VII. THE ROLE OF SHORT-RUN ANALYSES

Short-run economic analyses, in which the installed base of generation resources (capital) is fixed, are likely to play an important role in future decisions about operations at Glen Canyon Dam (National Academy of Sciences 1996). There are two primary reasons for this: adaptive management and the evolving nature of electricity markets.

Under adaptive management, various changes in the operation of Glen Canyon Dam are now being considered and, in some cases, implemented. For example, under the auspices of the adaptive management program, a two-day, 31,000 cfs high flow was carried out in October 1997 to maintain sediment deposits. A higher flow of longer duration was planned for summer 1997. Other operational changes, such as low steady summer flows for endangered fish research are also contemplated (Bureau of Reclamation 1995). A program of biological and physical research is now ongoing which is likely to lead to additional change. The fluid nature of MLFF operations suggest that short-run economic analyses are an appropriate use of resources.

The dynamic nature of electricity markets and institutions also suggest a short-run analysis approach. Since the Power Resources Committee study was completed in 1995, there have been rapid changes in power markets brought about by FERC orders 888 and 889 (Federal Energy Regulatory Commission 1995) and the move towards competition. Additionally, hydrologic conditions, operational changes at upstream facilities, fuel escalation rates and load growth rates have diverged markedly from those assumed. As a result, the usefulness of this long-run study for decision making is highly questionable.

VIII. ANALYSIS APPROACH

Glen Canyon Dam furnishes less than 3% of the net summer capacity in the six-state interconnected region where CRSP power is sold. The remaining load is met by a mix of thermal, nuclear, co-generation, other hydropower, and renewable generation resources in the region. In this analysis it is assumed the agent operating Glen Canyon Dam is a price taker and operates the dam to maximize societal benefit. In fact, institutions governing the sale of federal power, which are described in Western Area Power Administration (1989b, 1996) and Harpman (1997), vary substantially from this ideal (General Accounting Office 1996a, 1996b).

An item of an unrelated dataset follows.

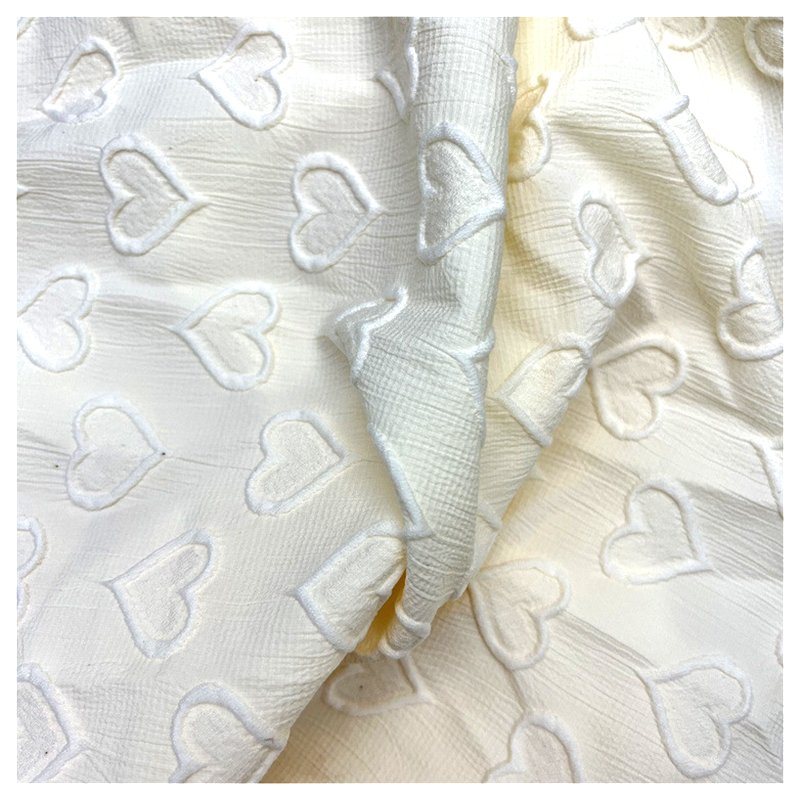 Fabric Chiffon Polyester Cheongsam Hanfu Woven Fabric Four-way Stretch Heart Jacquard Customized 100% Polyester Embossed 100gsm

The process used for estimating economic impacts is shown schematically in Figure 1. Using regional hourly load data, monthly hydrology data, and the appropriate constraint set for the case being examined, the peak-shaving model is used to determine the optimal hourly pattern of release and generation for each month in the water year. Next, using the variable cost of operating Glen Canyon Dam and spot market price data, the avoided cost or economic value of the simulated pattern of generation is evaluated for each hour in the water year. This procedure is carried out for both historical and MLFF operation cases. Finally, the hour-by-hour difference in economic value between the two cases is computed.

The Model

As detailed in Wood and Wollenberg (1996), given knowledge about existing generation resources, expected load, the amount of water available for release, regulatory constraints, and engineering limitations, the hydropower producer attempts to generate as much power as possible when it is most valuable. Hourly releases from the dam, [q.sub.h], are the variable under management control.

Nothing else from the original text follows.